■ Supplied data:
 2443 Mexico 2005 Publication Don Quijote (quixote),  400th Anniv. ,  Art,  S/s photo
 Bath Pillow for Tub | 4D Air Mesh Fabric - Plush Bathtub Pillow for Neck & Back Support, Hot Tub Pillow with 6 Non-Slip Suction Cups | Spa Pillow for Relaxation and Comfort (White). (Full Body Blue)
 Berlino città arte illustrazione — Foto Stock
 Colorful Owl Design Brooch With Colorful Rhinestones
...
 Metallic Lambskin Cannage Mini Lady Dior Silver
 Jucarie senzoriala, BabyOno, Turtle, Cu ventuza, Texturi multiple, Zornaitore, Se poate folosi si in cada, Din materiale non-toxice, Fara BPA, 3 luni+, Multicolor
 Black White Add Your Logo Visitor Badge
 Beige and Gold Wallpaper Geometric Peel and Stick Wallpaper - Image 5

■ What the task asks: Where a line of the material holds the word "White", copy that line.

■ Worked solution:
 Bath Pillow for Tub | 4D Air Mesh Fabric - Plush Bathtub Pillow for Neck & Back Support, Hot Tub Pillow with 6 Non-Slip Suction Cups | Spa Pillow for Relaxation and Comfort (White). (Full Body Blue)
 Black White Add Your Logo Visitor Badge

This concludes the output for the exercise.